The ALJ's findings are supported by substantial evidence in the record. Mr. Pevarnik's own statements indicate that he had no limitations in performing a variety of personal care and household tasks. The ALJ also reviewed reports submitted by several mental health professionals who evaluated Mr. Pevarnik. Many of these reports indicated that Mr. Pevarnik could care for himself and his finances without limitation and possessed a global assessment of functioning score of 65. Although the report of a physician identified as Mr. Pevarnik's treating psychiatrist indicated a more severe impairment and a global assessment of functioning score of 45, the ALJ noted that this report was inconsistent with this same psychiatrist's own notes documenting Mr. Pevarnik's prior sporadic visits of short duration with the physician, the opinions and reports of other consultative psychiatrists, and Mr. Pevarnik's own statements concerning his wide range of daily activities. Thus, the ALJ did not err in affording the treating psychiatrist's opinion only minimal weight.

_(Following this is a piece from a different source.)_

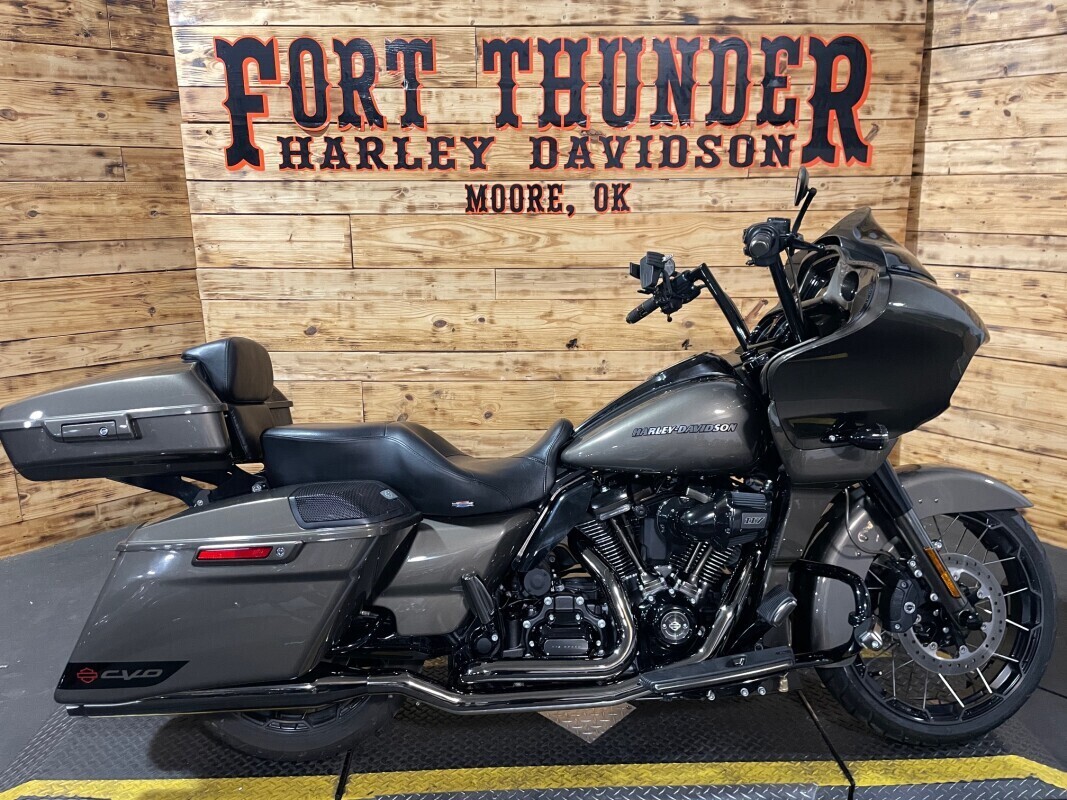 CVO™ Road Glide® Fort Thunder HarleyDavidson®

The ALJ also heard testimony from a vocational expert concerning Mr. Pevarnik's ability to perform a job in the national economy. The ALJ asked the vocational expert to identify jobs, if any, requiring simple, routine, repetitive tasks, not performed in a production-or quota-based environment; involving only simple, work-related decisions and, in general, relatively few workplace changes; requiring no more than occasional interaction with supervisors and avoiding interaction and communication with co-workers and the general public; and requiring no prolonged reading for content or comprehension that a hypothetical person of Mr. Pevarnik's age, education and work experience could perform. Based upon this limiting criteria, the vocational expert identified a number of jobs available locally that such a person could perform. Thus, the ALJ did not err in determining that Mr. Pevarnik possessed the ability to perform work based upon his residual functional capacity, and we are satisfied that the ALJ's findings are supported by substantial evidence in the record.
We have considered all contentions of the parties and conclude that no further discussion is necessary.
The judgment of the District Court will be affirmed.